In Washington on Tuesday, Senate Republicans introduced a short-term spending bill that would essential fund the government through Dec. 11 and avert a shutdown.
The measure would defund Planned Parenthood and increase defense spending by approximately $13 billion, and it’s expected to fall short when it comes up for a vote on Thursday. The next likely scenario is that Senate Majority Leader Mitch McConnell will introduce a second spending bill funding the government at current spending levels through the same date — what’s being called a “clean continuing resolution.” It would then move over to the House early next week, just days before the September 30 deadline to keep the government running.
When asked if she thought there was a possibility that congressional Republicans could repeat 2013 all over again and shut down the government, Tampa Bay area U.S. Rep. Kathy Castor says simply, “I hope not.”
“But the Republican conference is very divided,” she told reporters on Tuesday at a press availability on Tuesday. “There’s a conservative group that wants to depose Speaker John Boehner, and they thrive on this chaotic atmosphere, but I hope cooler heads will prevail,” she said.

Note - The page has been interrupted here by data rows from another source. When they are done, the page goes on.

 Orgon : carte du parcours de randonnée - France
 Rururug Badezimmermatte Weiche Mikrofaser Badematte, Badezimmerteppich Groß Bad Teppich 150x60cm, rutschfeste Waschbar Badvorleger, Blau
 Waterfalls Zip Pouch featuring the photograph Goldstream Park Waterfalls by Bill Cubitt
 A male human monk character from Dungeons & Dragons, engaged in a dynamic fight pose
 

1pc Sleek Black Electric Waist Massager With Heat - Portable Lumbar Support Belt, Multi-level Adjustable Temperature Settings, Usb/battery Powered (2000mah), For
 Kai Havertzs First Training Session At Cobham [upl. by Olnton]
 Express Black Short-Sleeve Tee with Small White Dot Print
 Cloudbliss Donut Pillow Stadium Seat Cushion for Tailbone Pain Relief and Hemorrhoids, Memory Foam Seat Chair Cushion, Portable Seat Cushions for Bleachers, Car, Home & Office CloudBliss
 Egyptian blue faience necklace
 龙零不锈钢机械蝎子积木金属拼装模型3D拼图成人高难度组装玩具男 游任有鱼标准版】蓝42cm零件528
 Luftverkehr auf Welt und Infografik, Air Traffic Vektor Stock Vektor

CNN reports that Boehner “faces a revolt” from approximately two dozen House conservatives who want to oust the Ohio speaker because he hasn’t taken a more confrontational stance against President Obama.
Castor says Republicans should have learned their lesson from two years ago when they shut down the government for 17 days because of their unhappiness with the Affordable Care Act.
“This is not a way to run a country,” she says. “If they do shut down the government, it will be a fundamental failure of their most basic responsibility.”
Castor also discussed her excitement about seeing Pope Francis address a joint session of Congress on Thursday morning, the first pope ever to do so.
“Pope Francis has generated such good will and interest because he’s the first Jesuit pope, and he’s made a point of highlighting issues that were not highlighted in the past regrading poverty and income inequality, climate change and immigration, and these are the issues that are at the fore of public policy in Washington right now, so everybody is anticipating his remarks with great excitement.”